С.К.: Великий актер, для которого каждая секунда пребывания на сцене — жертвоприношение.
Р.Я.: Многие артисты в последнее время ушли... Белорусский театр оголился. Но в нашем остались старые мастера — Белла Масумян, Ольга Клебанович, Александр Суцковер, Иван Мацкевич, Александр Жданович, Александр Ткаченок, Владимир Шелестов... Говорят, сегодня нет амплуа «герой», «героиня»... Нет, есть! Конечно, трудно найти артистов, которые по своей сути, темпераменту, внешности являются героями. Можно как угодно относиться к Васе Лановому... Но он — герой! Вронский... Курагин...
— А если говорить о герое не как актерском амплуа, но как о центральном образе современной драматургии. Каким может быть этот новый образ? Ведь каждая эпоха выбирает свой.
Р.Я.: Это верно. Был романтический герой вроде Олега Стриженова. Были интеллектуальные герои — Баталов, Смоктуновский. Социальные герои, конечно, — Урбанский, Ульянов–председатель. Сегодня время почему–то не рождает героя. Кто он? Бизнесмен? Умереть от смеха...

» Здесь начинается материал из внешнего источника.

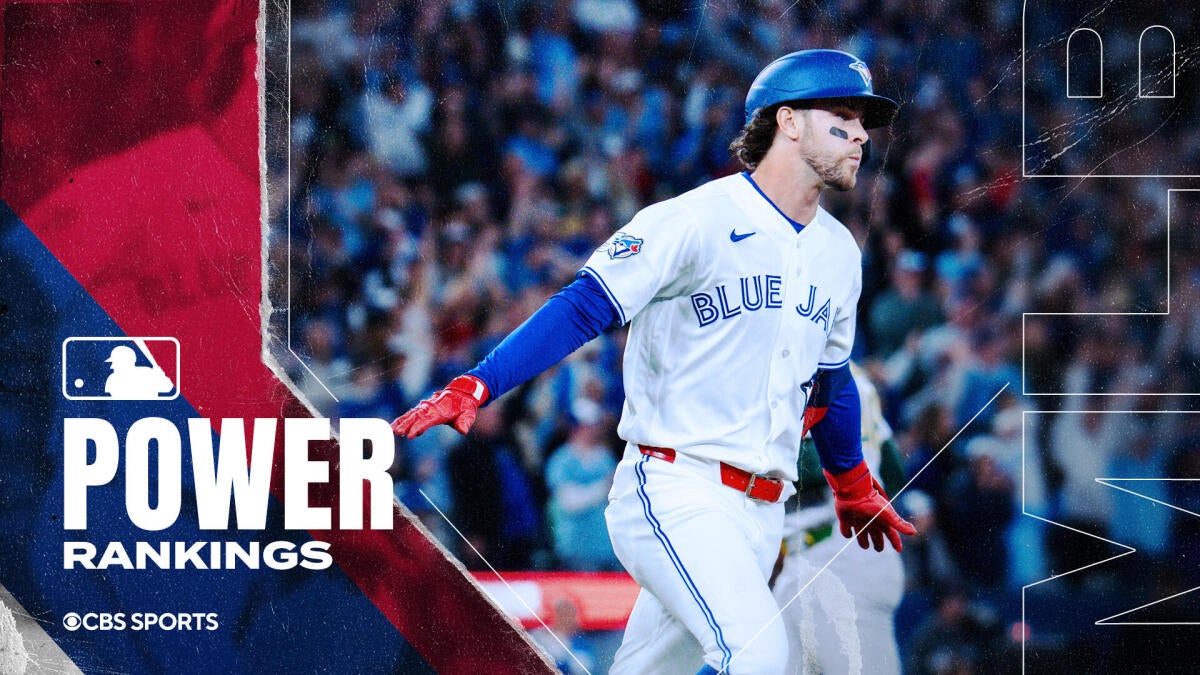 MLB Power Rankings: What's real after five days? Breaking down baseball's opening week results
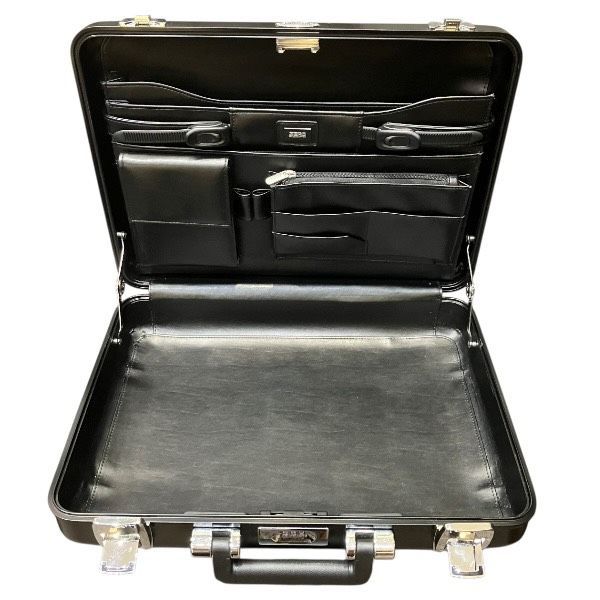 ゼロハリバートン P-Series 2 プレミアム アタッシュケース 94335-01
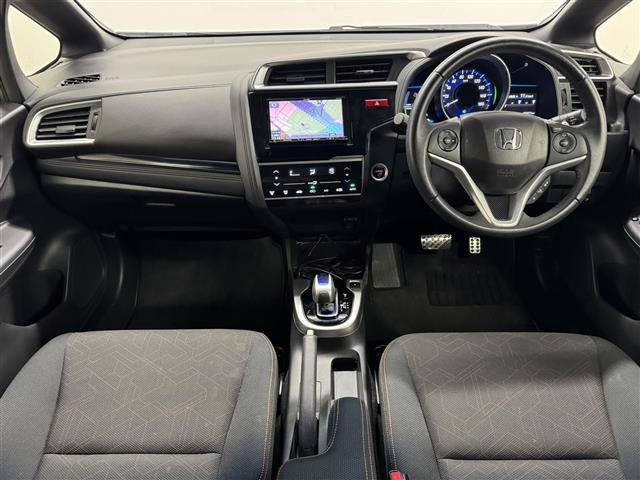 フィット1.5 ハイブリッド Sパッケージ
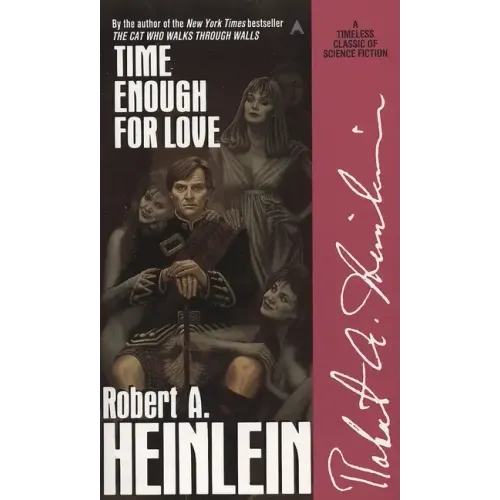 Time Enough for Love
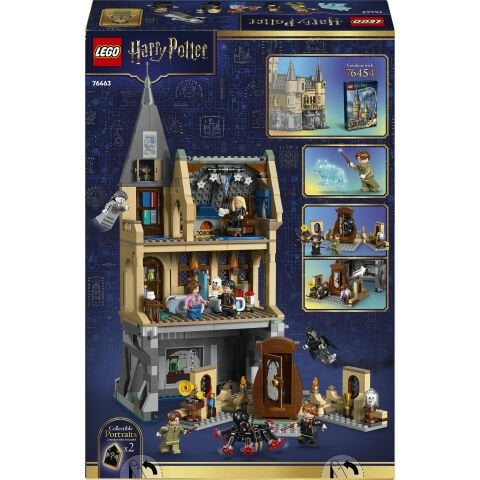 LEGO® Harry Potter™ Hogwarts™ Şatosu: Hastane Koğuşu 76463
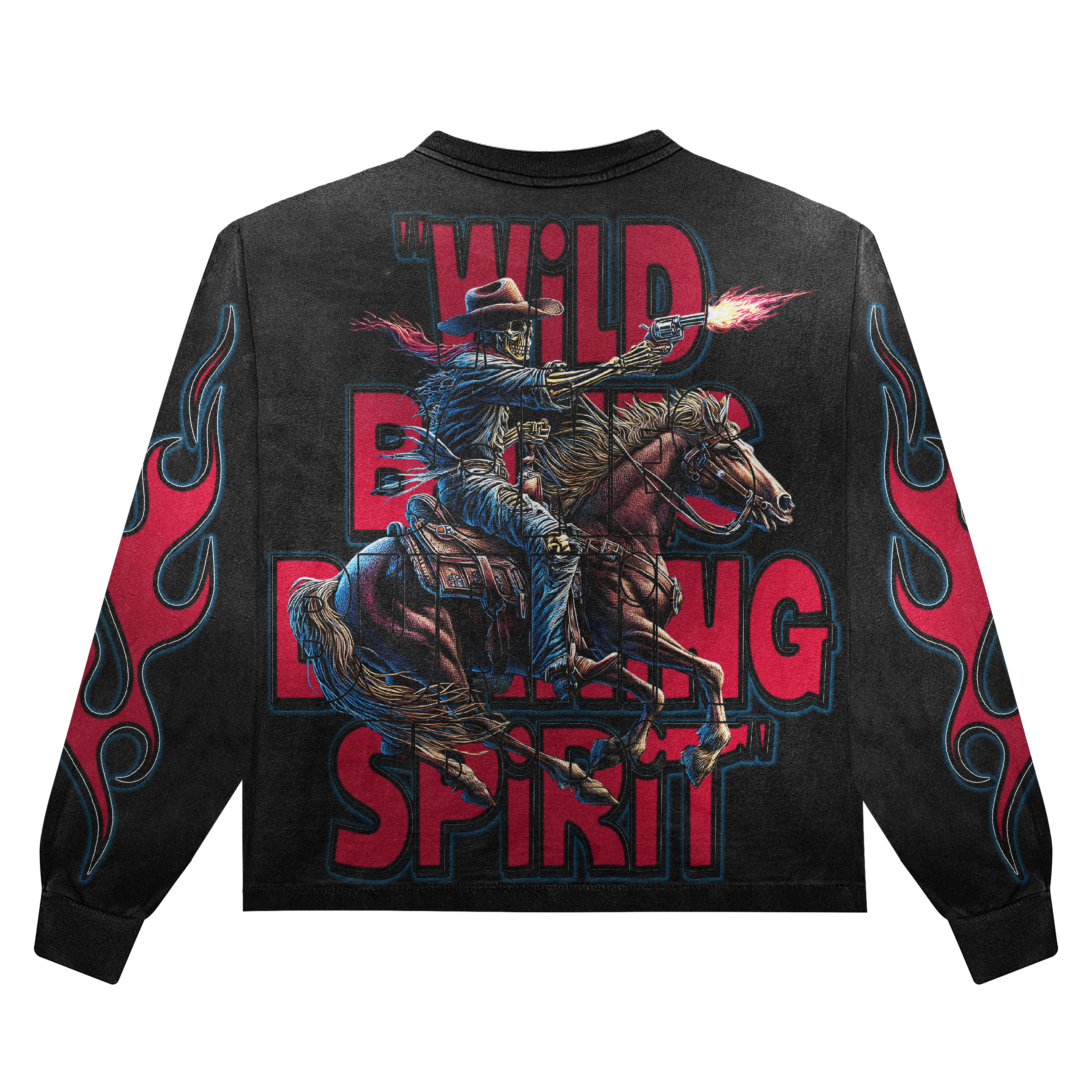 BAD BONES L/S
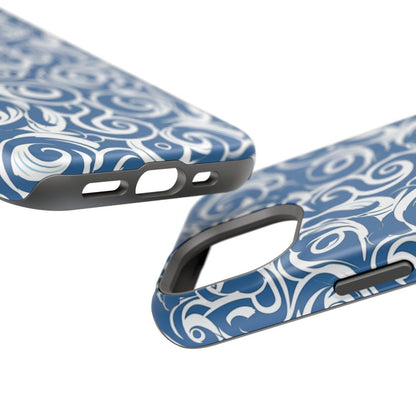 iPhone Case - Tranquil Blue.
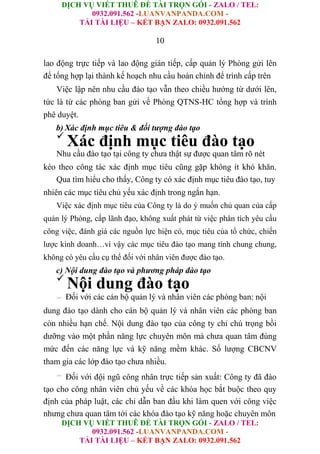 Đào Tạo Nguồn Nhân Lực Tại Cà Phê Trung Nguyên.doc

С.К.: Может, надо, чтобы родился современный Островский, который опишет современных купцов? А ваши образы, Ростислав Иванович, из пьес Дударева о войне — разве они не современны? А герои пьесы «Сумерки», в которой найдена черта времени?
Р.Я.: Вспоминается, как в белорусском театре ставились «Люди на болоте» Ивана Мележа, пьеса Алеся Адамовича о Хатыни. Национальный материал, национальные герои!
С.К.: Но герой времени может быть и очень неожиданным...
Р.Я.: Как Высоцкий! Мы с ним познакомились, когда снимались в фильме «Служили два товарища». Мне посоветовали посмотреть, как он в театре Любимова играет Хлопушу. Потом видел его в «Десяти днях, которые потрясли мир». Господи, что он вытворял!
С.К.: Черта времени — голос Высоцкого. Он эпоху передал не в текстах — голосом. Мучительный, хриплый, все на последнем издыхании... Что касается главного? Поиск национального героя на нашей сцене будет продолжаться.
Р.Я.: У тебя есть замечательная работа — «Адвечная песня». Вообще, самый верный способ сделать так, чтобы люди ходили в театр, — ставить классику. Сейчас есть тенденция — быть Чацкими в искусстве, ниспровергать все. Я — за молодежь, обновление театра... Но взять и все сменить — это несерьезно.